■ **AIM OF THE EXERCISE**
A faithful, picture-free copy of the listing below is required.

■ **GIVEN DATA**

:::

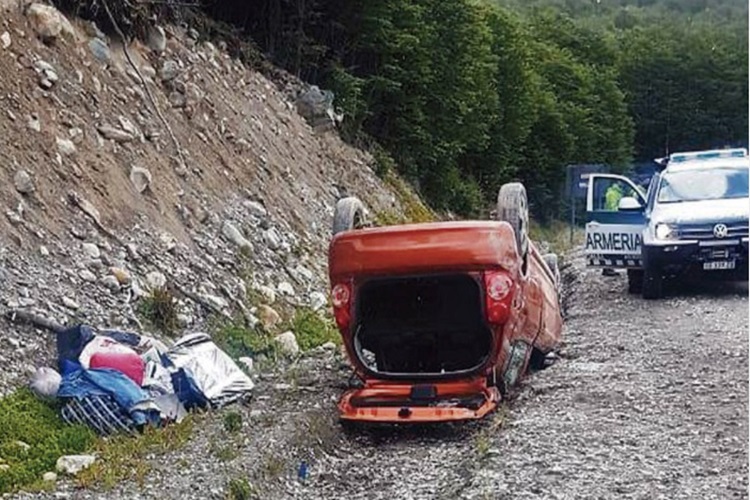 Despiste y vuelco en la Ruta 3 sin lesionados
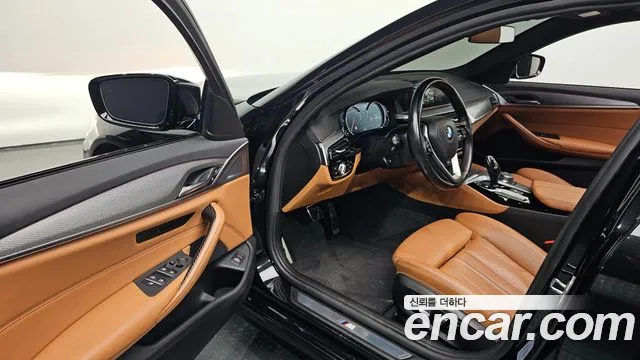 BMW 5 серии 2017 thumb 9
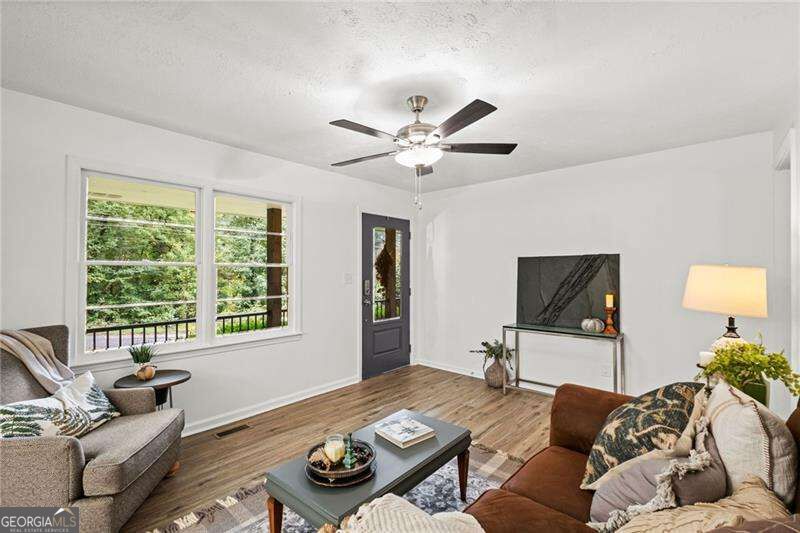 6445 Sherwood Trail Property Photo 8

:::

■ **COMPLETED TASK**
 Despiste y vuelco en la Ruta 3 sin lesionados
 BMW 5 серии 2017 thumb 9
 6445 Sherwood Trail Property Photo 8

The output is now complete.